PROBLEM DESCRIPTION: Begin at the top of the records below and return each line exactly through the line with "Toyota Land Cruiser". Skip pictures.

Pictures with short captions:
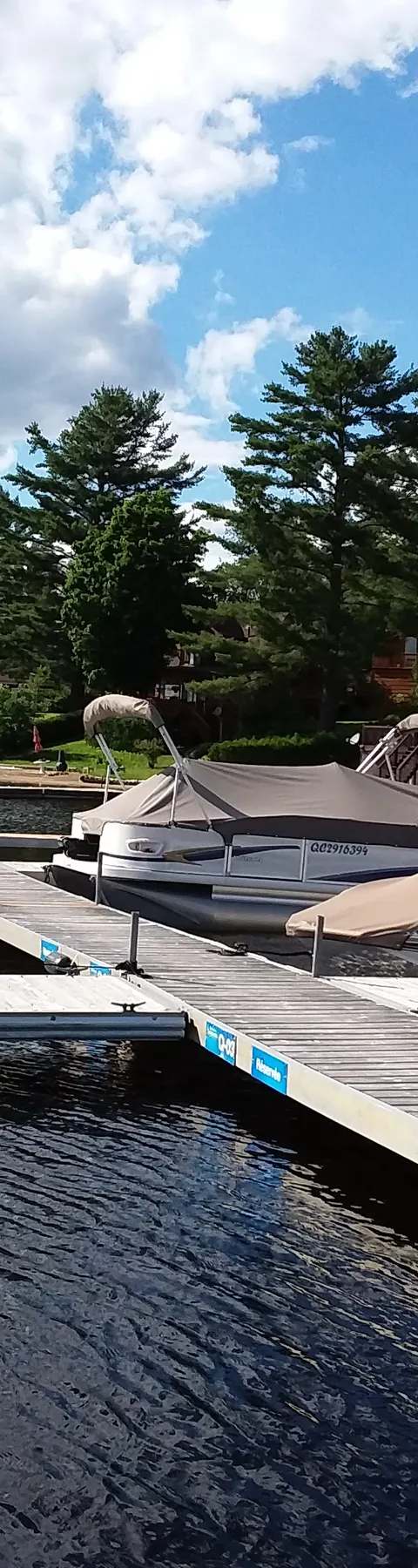 Embarcations amarrées aux quais de la pourvoirie chez Pourvoirie Lac Campion, Laurentides, Québec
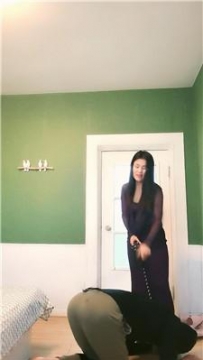 【调教视频】【闹闹】双S-转胯狗爬-鞭打【双视角版】 JS250530-13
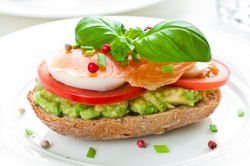 Roti Tawar Juga Enak Dimakan dengan Pisang dan Alpukat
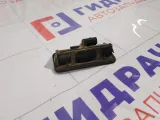Кнопка закрывания багажника Ford Focus 1857333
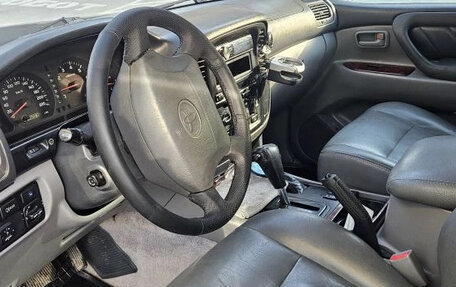 Toyota Land Cruiser 100 рестайлинг 2, 1999 год, 1 150 000 рублей, 2 фотография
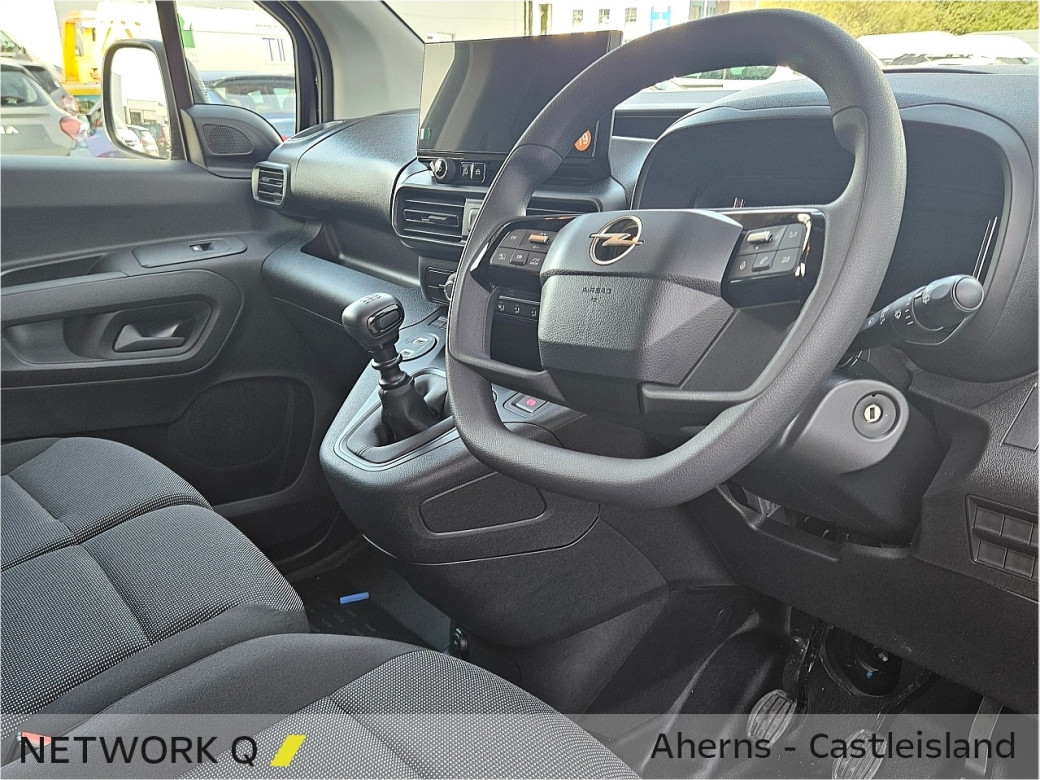 2025 Opel Combo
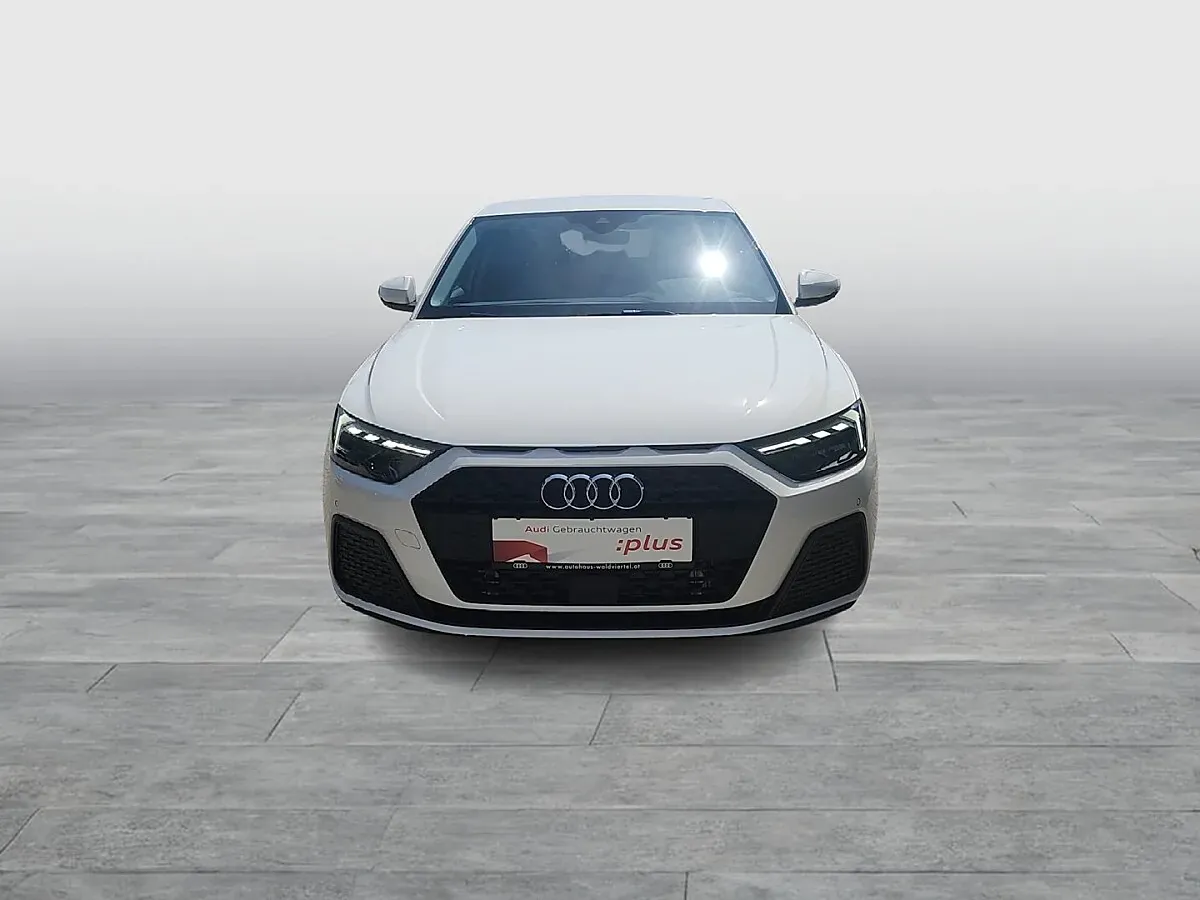 Audi A1 2026 photo 2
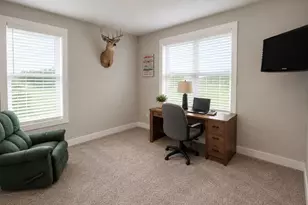 549 Landing Ct, Washington Township, PA 15613 - Photo 28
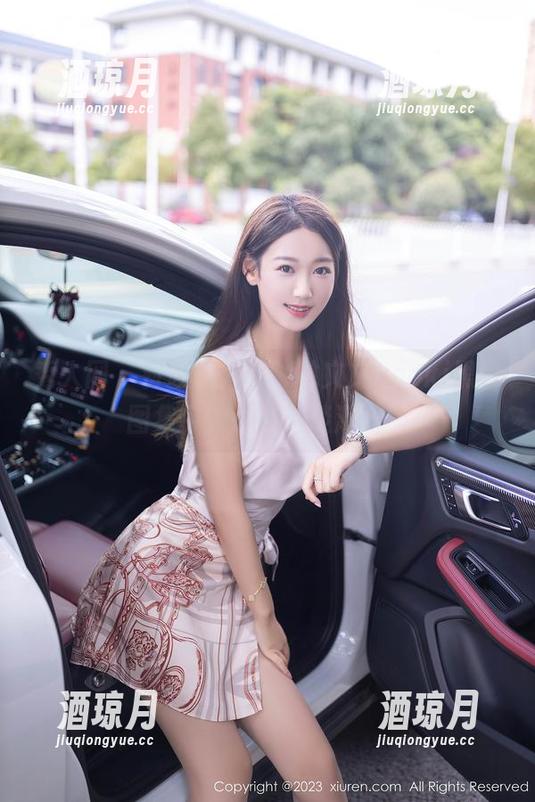 秀人网 - 资源求人问，林文文yooki黑白图集中的一抹淡淡潮流…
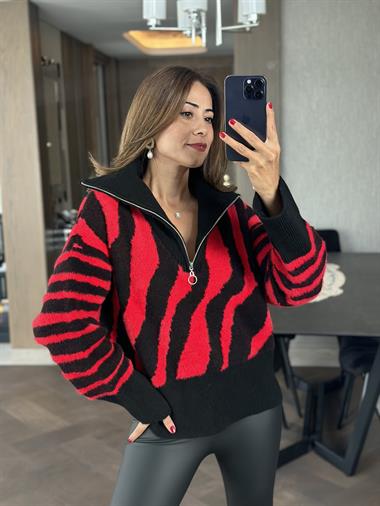 Kırmızı Siyah Kamyoner Yaka Fermuarlı Sakallı Kadın Triko Kazak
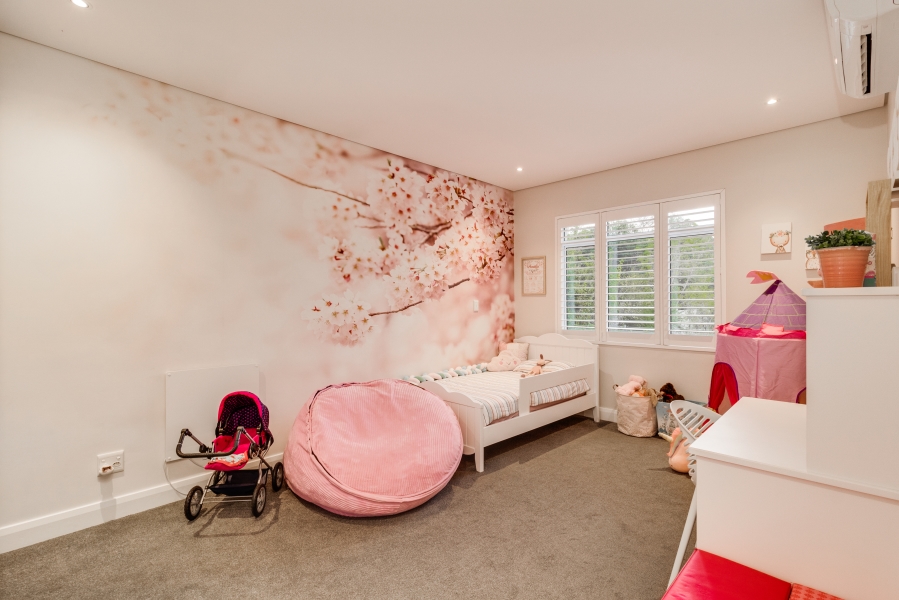 To Let 4 Bedroom Property for Rent in Helderfontein Estate Gauteng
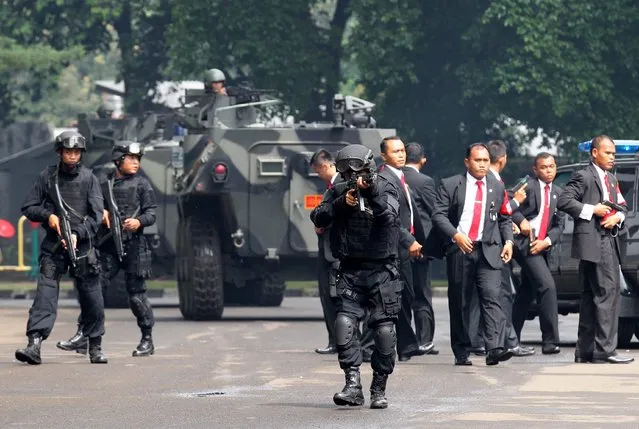 Indonesian Presidential Security Forces (Paspampres) personnel show their skills during an anti terror exercise in Jakarta, Indonesia on 09 April 2015. (Photo by Bagus Indahono/EPA)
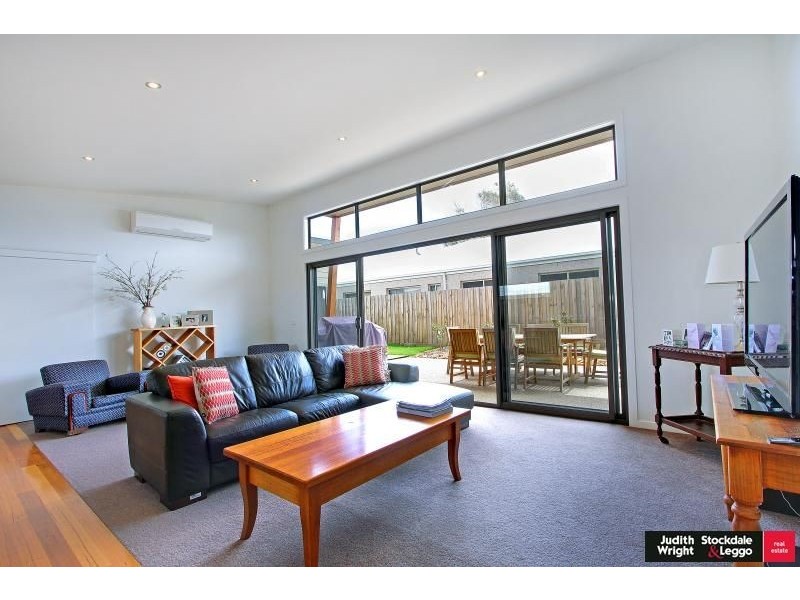 3 Cove Place, Cowes VIC 3922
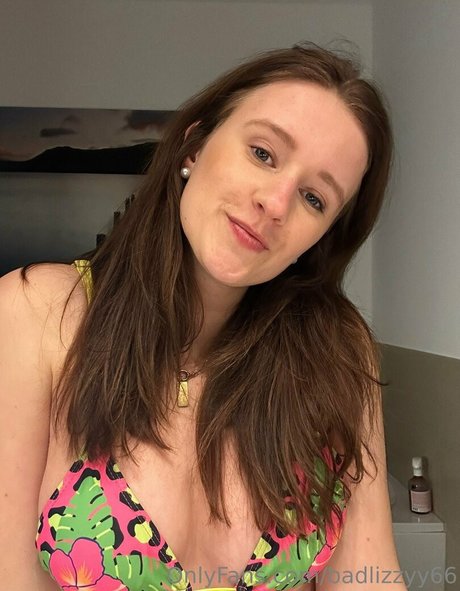 badlizzyy66 star pornographic img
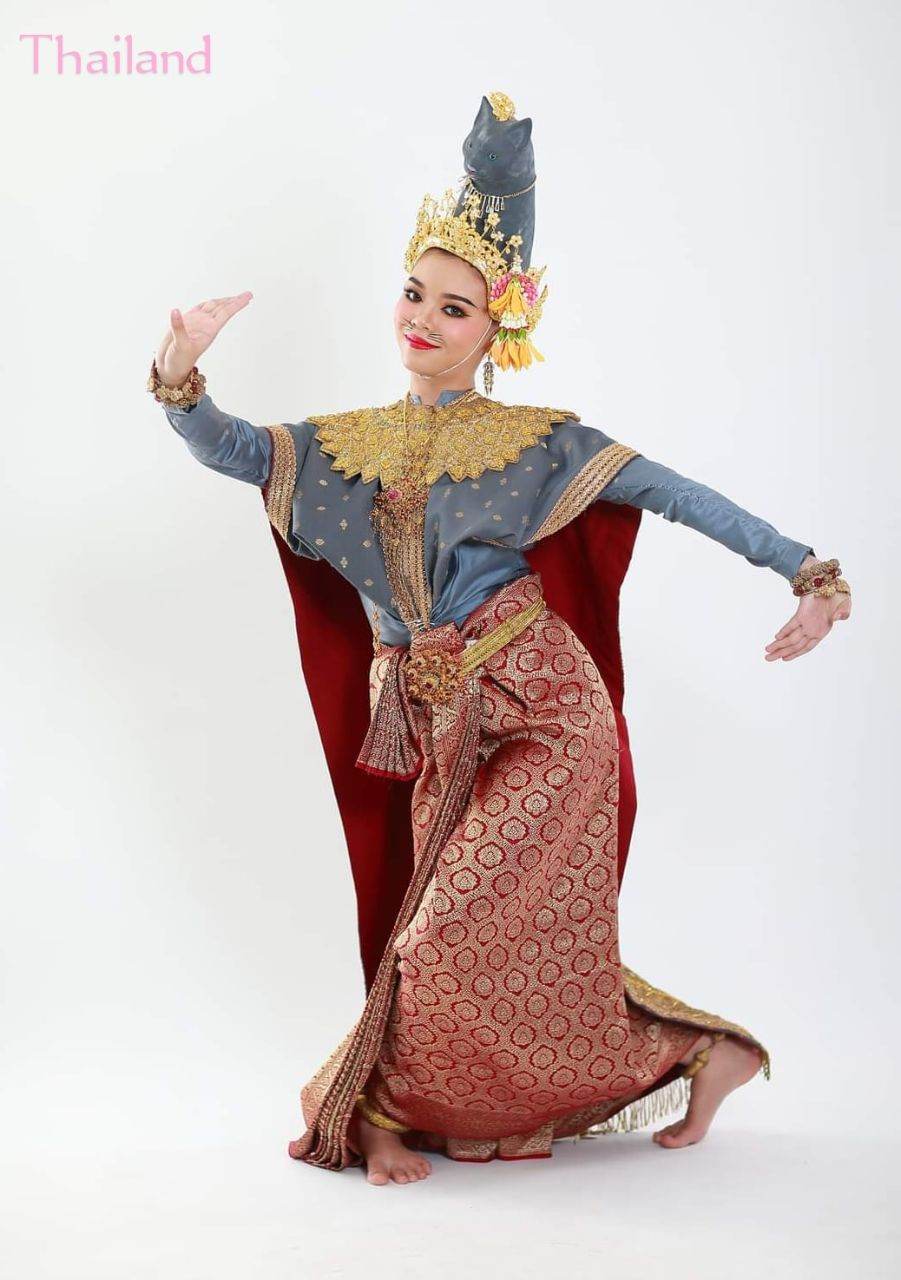Ram Chui Chai Nang Wilar: Thai Dance | THAILAND 🇹🇭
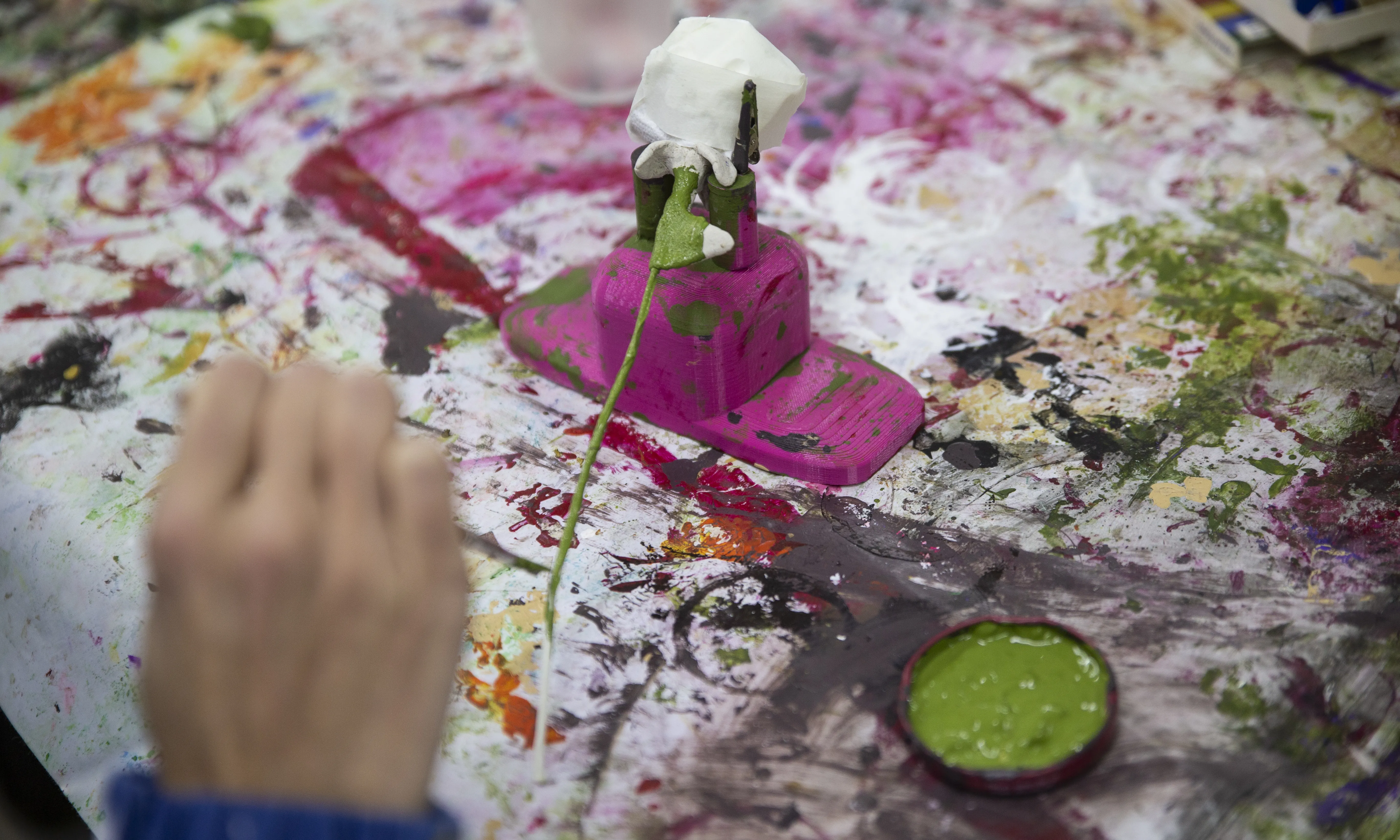 El grup maker d'Estimia ha construït aquests suports perquè les companyes d'artesania amb mobilitat reduïda puguin pintar les roses de Sant Jordi.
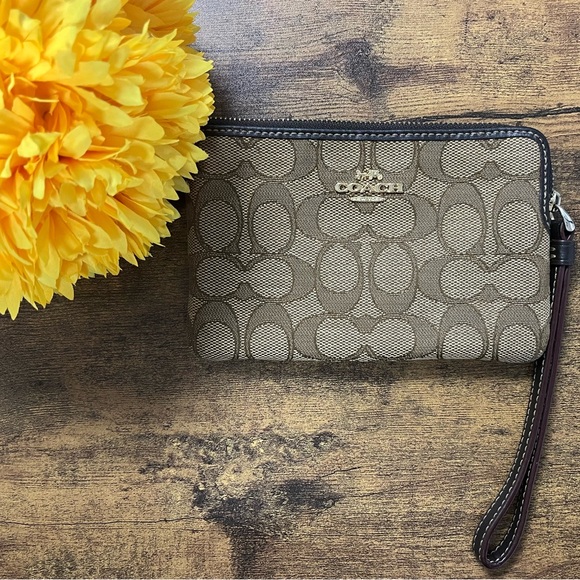 Coach Corner Zip Wristlet in Signature Canvas EUC - Picture 1 of 4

WRITTEN REPLY:
 Embarcations amarrées aux quais de la pourvoirie chez Pourvoirie Lac Campion, Laurentides, Québec
 【调教视频】【闹闹】双S-转胯狗爬-鞭打【双视角版】 JS250530-13
 Roti Tawar Juga Enak Dimakan dengan Pisang dan Alpukat
Кнопка закрывания багажника Ford Focus 1857333
 Toyota Land Cruiser 100 рестайлинг 2, 1999 год, 1 150 000 рублей, 2 фотография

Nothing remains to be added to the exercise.